### Assignment
Copying rule for the data below: pictures stay out, and only the lines from the one with "Cherries on Top" down to the one with "Statue éléphant avec", inclusive, are repeated exactly.

### Records for processing
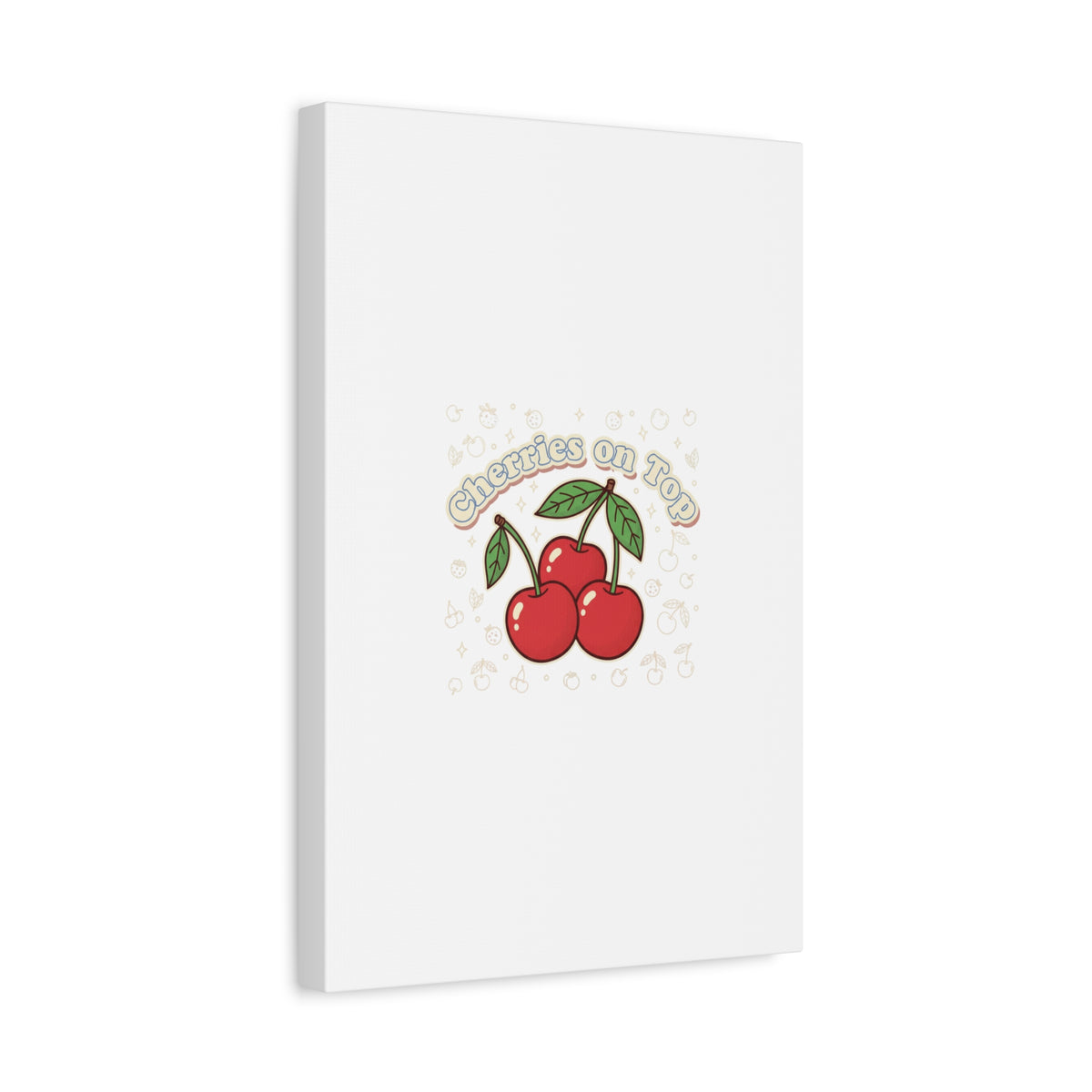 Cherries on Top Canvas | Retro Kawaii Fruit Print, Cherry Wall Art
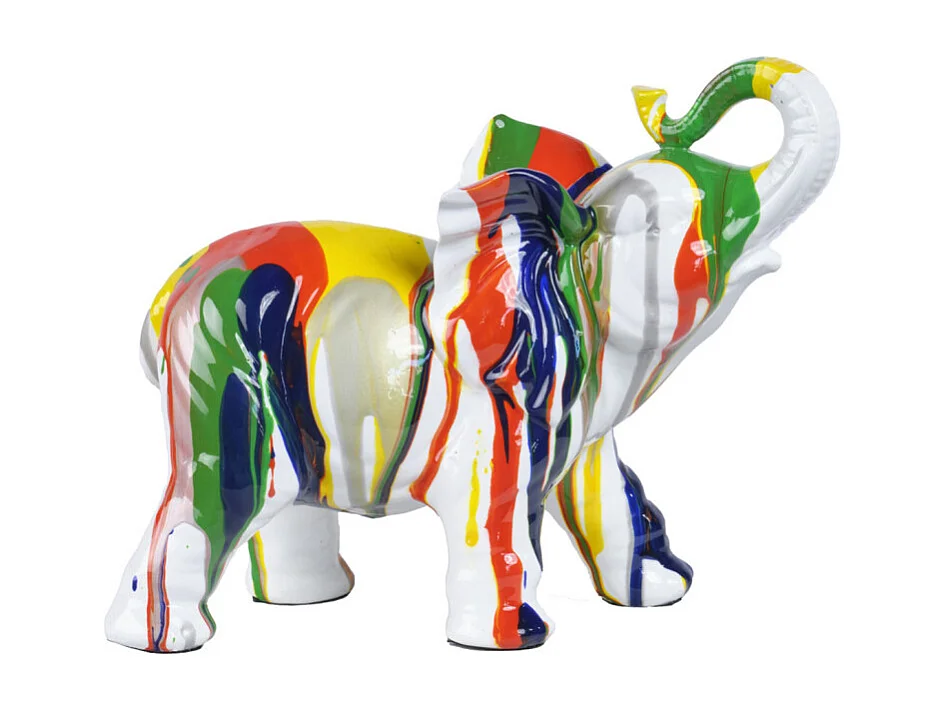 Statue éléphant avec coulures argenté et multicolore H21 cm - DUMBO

==

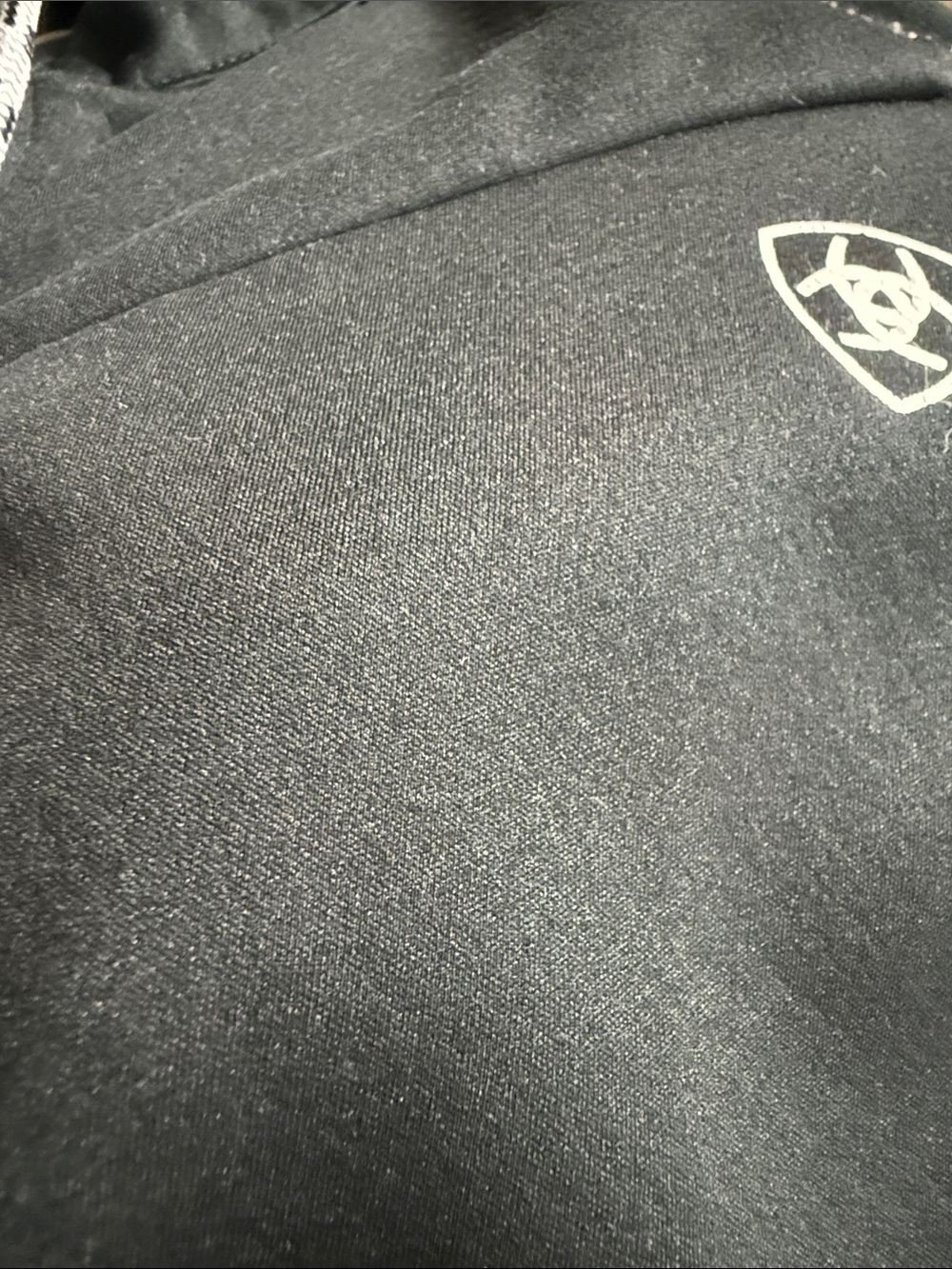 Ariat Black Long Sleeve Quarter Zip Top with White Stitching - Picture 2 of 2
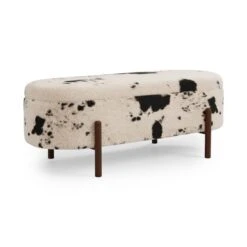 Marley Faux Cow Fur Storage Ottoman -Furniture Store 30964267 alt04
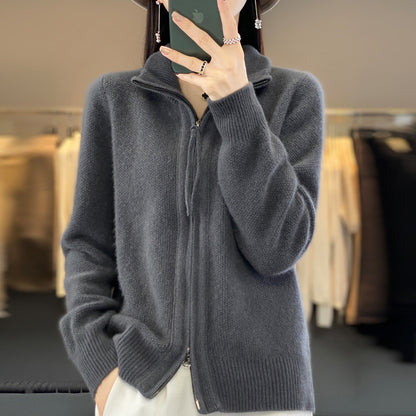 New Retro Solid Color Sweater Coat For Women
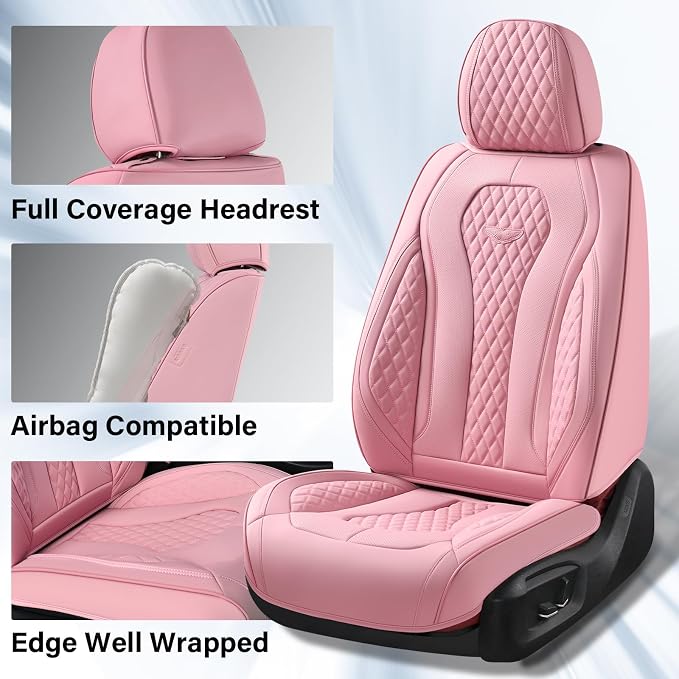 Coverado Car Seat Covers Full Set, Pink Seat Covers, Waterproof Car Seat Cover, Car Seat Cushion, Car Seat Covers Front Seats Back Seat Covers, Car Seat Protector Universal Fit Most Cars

### Expected answer
 Cherries on Top Canvas | Retro Kawaii Fruit Print, Cherry Wall Art
 Statue éléphant avec coulures argenté et multicolore H21 cm - DUMBO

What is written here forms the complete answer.